Carol Rosegg ©2025  Wrenn Schmidt as Emmy and Natalia Payne as Claire
You would think with a title like Jailbait that you’re in for a lewd, pervy melodrama, not unlike something Russ Meyer might have concocted in his heyday, or to put in more modern terms, a free-for-all pastiche not unlike what some of downtown maestro Timothy Haskell’s chopsocky, cheerfully seedy productions have done. But instead when you’re presented with a teasingly multifarious, utterly sensitive drama about adolescence and the need for a taste of adulthood, it’s doubly shocking. Even as glance at the press materials suggests something more pulpy, and as a viewer, you are so truly glad it’s something much, much more. Jailbait could be the most searing portrait of teenage female longing since Joyce Carol Oates’ 1964 short story “Where Are You Going, Where Have You Been“” (later adapted into the 1985 film Smooth Talk, with a very young Laura Dern).

It starts immediately on the right foot by presenting its duo of fifteen year old teens as relatively normal girls of above average intelligence. Emmy (Wrenn Schmidt) is a pretty, slightly devious blonde, concerned with breaking the shell of her more conservative pal Claire (Natalia Payne), who already seems more mature than Emmy, and agrees to go on a club night with Emmy, posing as college students. While nursing old, cork-capped white wine (“It tastes like refrigerator!”, says one), they put on makeup, concoct scenarios so as not to blow their cover, and Claire slowly learns Emmy has set up a blind date. Emmy has previously met Mark (Peter O’Connor), a slimy-on-the surface yet resourceful guy straight out a Neil LaBute play, and she arranges to see him again, and his buddy Robert (Kelly AuCoin), a more straight-laced, recently dumped becomes Claire’s unwitting new date. Surprisingly, Claire and Robert hit it off beautifully, despite some awkward beginnings, and the night progresses, as regrets settle in, and new feelings emerge.

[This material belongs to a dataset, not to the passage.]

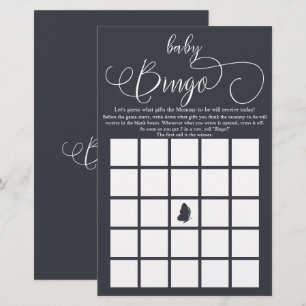 Modern Minimal Calligraphy Baby Bingo Game Flyer
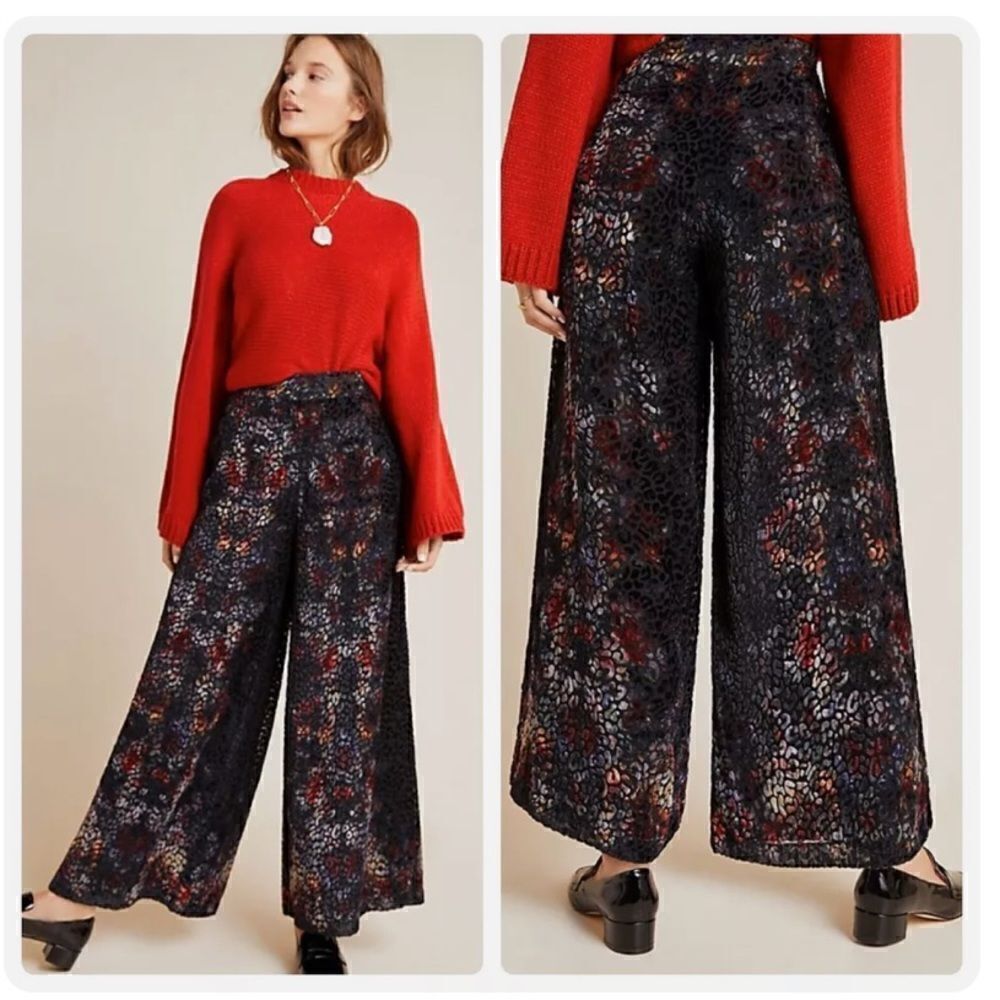Kachel by Anthropologie Women's Size 4 Velvet Burnout Wide Leg Print Pants NWT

Carol Rosegg ©2025  Peter O'Connor as Mark and Wrenn Schmidt as Emmy

Playwright Deirdre O’Connor has no interest in turning this into a morality suspenser or a tawdry sex drama, yet amazingly, neither area is ignored either. Her flavorful dialogue aptly captures adolescence peering into maturity, and the exchanges amongst all four actors are natural-sounding and often quite funny, but never in a preciously designed manner. And director Suzanne Agins has used the difficult Cherry Pit space (once the former Bank Street Theater) to great advantage, transforming the set walls into Claire’s bedroom, Robert’s apartment, and the bar where most of the action occurs, the latter with great touches (a solitary machine dispenser suitably suggests a men’s room, with even the requisite graffitied penises for effect).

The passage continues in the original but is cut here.